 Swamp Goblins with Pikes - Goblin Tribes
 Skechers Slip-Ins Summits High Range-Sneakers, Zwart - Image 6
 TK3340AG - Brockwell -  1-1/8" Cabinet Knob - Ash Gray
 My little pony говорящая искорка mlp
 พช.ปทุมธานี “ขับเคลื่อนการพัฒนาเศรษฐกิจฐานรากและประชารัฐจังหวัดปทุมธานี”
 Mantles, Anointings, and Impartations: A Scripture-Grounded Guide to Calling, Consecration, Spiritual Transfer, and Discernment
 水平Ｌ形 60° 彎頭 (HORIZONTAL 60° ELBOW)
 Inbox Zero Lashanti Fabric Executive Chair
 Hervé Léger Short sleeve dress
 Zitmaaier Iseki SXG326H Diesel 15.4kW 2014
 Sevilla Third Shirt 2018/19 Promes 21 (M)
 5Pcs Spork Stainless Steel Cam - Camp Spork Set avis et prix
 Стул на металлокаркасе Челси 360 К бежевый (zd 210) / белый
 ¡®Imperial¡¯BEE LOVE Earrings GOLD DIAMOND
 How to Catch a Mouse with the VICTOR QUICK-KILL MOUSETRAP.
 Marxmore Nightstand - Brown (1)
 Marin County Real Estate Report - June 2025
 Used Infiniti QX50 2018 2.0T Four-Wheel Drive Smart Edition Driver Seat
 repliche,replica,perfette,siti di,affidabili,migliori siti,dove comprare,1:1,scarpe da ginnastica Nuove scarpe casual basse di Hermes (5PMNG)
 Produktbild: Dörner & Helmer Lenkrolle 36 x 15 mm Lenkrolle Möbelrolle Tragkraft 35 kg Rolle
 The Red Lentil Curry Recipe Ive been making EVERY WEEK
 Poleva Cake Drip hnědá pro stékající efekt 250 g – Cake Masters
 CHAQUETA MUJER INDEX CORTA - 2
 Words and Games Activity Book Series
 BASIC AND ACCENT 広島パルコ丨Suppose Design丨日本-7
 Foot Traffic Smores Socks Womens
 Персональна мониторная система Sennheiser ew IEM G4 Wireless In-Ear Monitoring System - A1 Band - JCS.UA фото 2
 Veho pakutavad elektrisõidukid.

> [Exercise requirements]: Nothing but the lines from the one holding "Poleva Cake Drip" to the end of the entries should be output, each exactly as it appears.

> [Problem solution]:
 Poleva Cake Drip hnědá pro stékající efekt 250 g – Cake Masters
 CHAQUETA MUJER INDEX CORTA - 2
 Words and Games Activity Book Series
 BASIC AND ACCENT 広島パルコ丨Suppose Design丨日本-7
 Foot Traffic Smores Socks Womens
 Персональна мониторная система Sennheiser ew IEM G4 Wireless In-Ear Monitoring System - A1 Band - JCS.UA фото 2
 Veho pakutavad elektrisõidukid.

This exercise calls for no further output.